The park will be open for day visits while fellow California park Death Valley remains closed.

Joshua Tree National Park will reopen on Tuesday after temporarily closing to weather Tropical Storm Hilary.

The national park will reopen for daytime use with all visitor centers and paved roads ready to welcome travelers, according to the National Park Service. Dirt roads and campgrounds remain closed.

“This past weekend, Joshua Tree National Park experienced heavy rains and flooding from Tropical Storm Hilary. Park staff began assessing the park early Monday morning,” the NPS wrote in a statement. “Road crews found large amounts of sand and debris on roadways and have begun clearing the roads.”

The tropical storm slammed California over the weekend, dumping intense amounts of rain and halting travel up and down the West Coast.

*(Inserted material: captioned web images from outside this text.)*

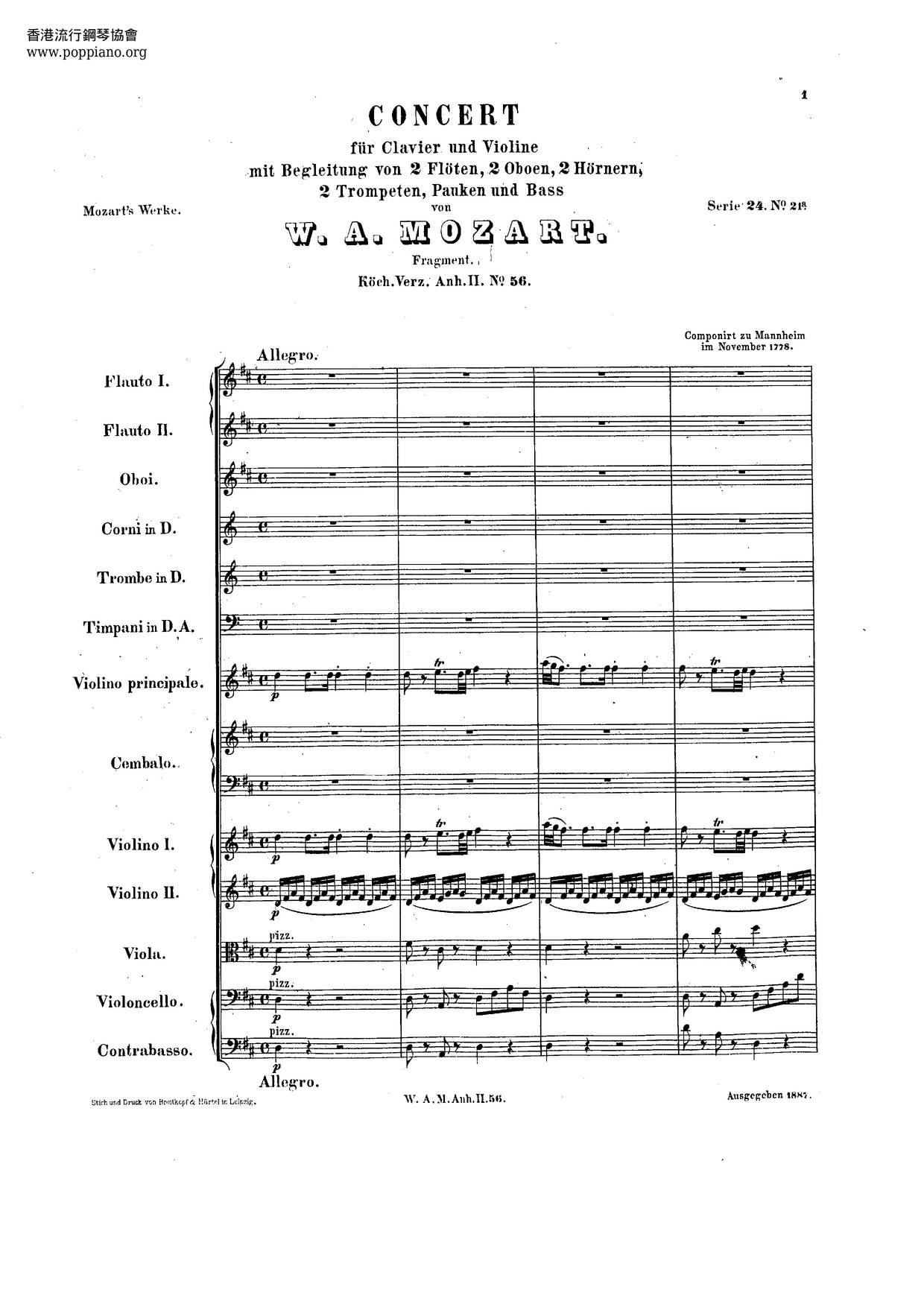 Concerto For Violin And Piano, K. Anh. 56 Score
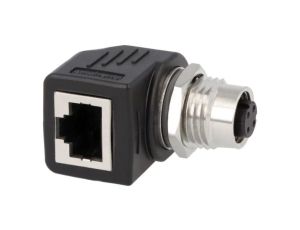 Adapter M12 żeński,RJ45 gniazdo kod D-Ethernet 4-PIN Kat 5e RJS-12D04FF-RS8001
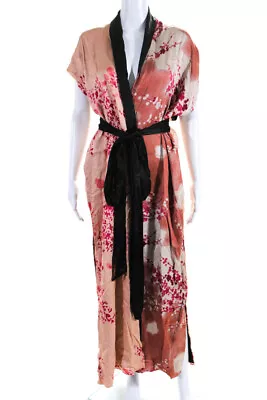 Zara Womens Satin Floral Print Split Hem Sleeveless Intimate Robe Pink Size S/M • $34.99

While Joshua Tree planned to reopen, Death Valley National Park would remain closed. The park — one of the hottest places on earth — received a year's worth of rain in one day, the NPS noted. In all, a National Weather Service rain gauge at Furnace Creek recorded 2.2 inches of rain, which amounts to the park’s entire average annual rainfall and beats the previous single day record of 1.7 inches set on Aug. 5, 2022.

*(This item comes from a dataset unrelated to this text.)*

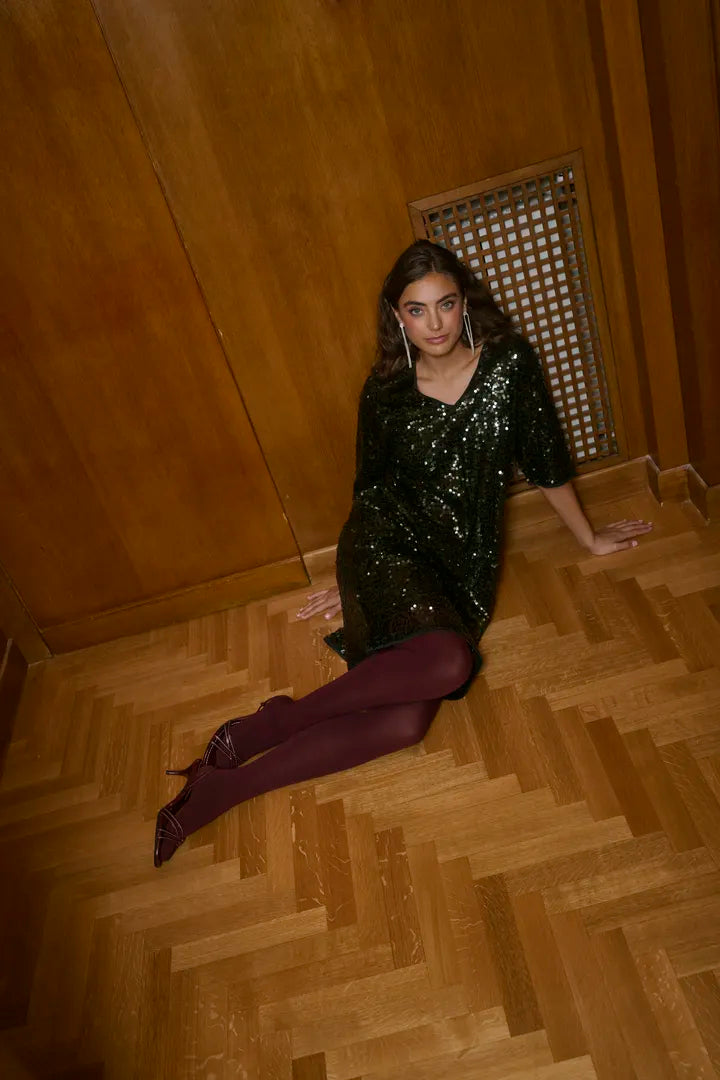 Glimmerkjóll stutterma (Melia)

It was not clear when the park would reopen.

“An estimated 400 residents, travelers, and employees are sheltering in place at Furnace Creek, Stovepipe Wells, and Panamint Springs until area roads are safely passable,” the NPS wrote in a statement. “The unprecedented rain came in two bursts, with about an inch of rain Sunday morning and another inch of rain Sunday night.”

As of Tuesday, electricity and cell service had been restored in the park, but landline phones were still down and damaged roads and infrastructure posed a challenge.

This isn’t the first time a national park closed due to extreme weather. In July, the Giant Forest in California’s Sequoia National Park had a delayed reopening after clearing snow and making road repairs to recover from a historic winter. And Yosemite National Park temporarily closed over the spring to recover from up to 15 feet of snow.

Last year, Yellowstone National Park was also forced to temporarily shut following a devastating flood, which saw several collapsed roads. The majority of the park reopened weeks later.